Work required
Present exactly, and only, the lines running from the line that contains "Lambic figura indietro" through the end of the entries below.

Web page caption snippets

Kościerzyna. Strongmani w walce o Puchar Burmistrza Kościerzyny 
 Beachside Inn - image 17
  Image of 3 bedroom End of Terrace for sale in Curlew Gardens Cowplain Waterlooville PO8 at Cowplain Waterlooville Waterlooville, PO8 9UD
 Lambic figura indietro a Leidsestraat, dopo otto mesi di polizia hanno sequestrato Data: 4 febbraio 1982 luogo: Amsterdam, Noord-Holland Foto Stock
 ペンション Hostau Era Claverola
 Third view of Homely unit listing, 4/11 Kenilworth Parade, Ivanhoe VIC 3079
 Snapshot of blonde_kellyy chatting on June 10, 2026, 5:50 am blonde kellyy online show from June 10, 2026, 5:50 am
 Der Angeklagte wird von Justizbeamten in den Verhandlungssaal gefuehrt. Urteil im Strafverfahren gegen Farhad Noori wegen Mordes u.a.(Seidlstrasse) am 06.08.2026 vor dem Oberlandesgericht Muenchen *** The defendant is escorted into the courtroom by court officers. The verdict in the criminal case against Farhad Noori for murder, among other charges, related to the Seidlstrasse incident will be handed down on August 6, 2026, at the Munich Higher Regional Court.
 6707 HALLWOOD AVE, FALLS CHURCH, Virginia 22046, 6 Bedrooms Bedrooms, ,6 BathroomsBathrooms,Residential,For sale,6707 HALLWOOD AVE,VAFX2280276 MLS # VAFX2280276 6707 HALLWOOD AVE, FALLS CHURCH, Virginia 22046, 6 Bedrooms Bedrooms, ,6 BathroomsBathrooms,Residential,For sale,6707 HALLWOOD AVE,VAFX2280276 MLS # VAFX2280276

Solution for this problem
 Lambic figura indietro a Leidsestraat, dopo otto mesi di polizia hanno sequestrato Data: 4 febbraio 1982 luogo: Amsterdam, Noord-Holland Foto Stock
 ペンション Hostau Era Claverola
 Third view of Homely unit listing, 4/11 Kenilworth Parade, Ivanhoe VIC 3079
 Snapshot of blonde_kellyy chatting on June 10, 2026, 5:50 am blonde kellyy online show from June 10, 2026, 5:50 am
 Der Angeklagte wird von Justizbeamten in den Verhandlungssaal gefuehrt. Urteil im Strafverfahren gegen Farhad Noori wegen Mordes u.a.(Seidlstrasse) am 06.08.2026 vor dem Oberlandesgericht Muenchen *** The defendant is escorted into the courtroom by court officers. The verdict in the criminal case against Farhad Noori for murder, among other charges, related to the Seidlstrasse incident will be handed down on August 6, 2026, at the Munich Higher Regional Court.
 6707 HALLWOOD AVE, FALLS CHURCH, Virginia 22046, 6 Bedrooms Bedrooms, ,6 BathroomsBathrooms,Residential,For sale,6707 HALLWOOD AVE,VAFX2280276 MLS # VAFX2280276 6707 HALLWOOD AVE, FALLS CHURCH, Virginia 22046, 6 Bedrooms Bedrooms, ,6 BathroomsBathrooms,Residential,For sale,6707 HALLWOOD AVE,VAFX2280276 MLS # VAFX2280276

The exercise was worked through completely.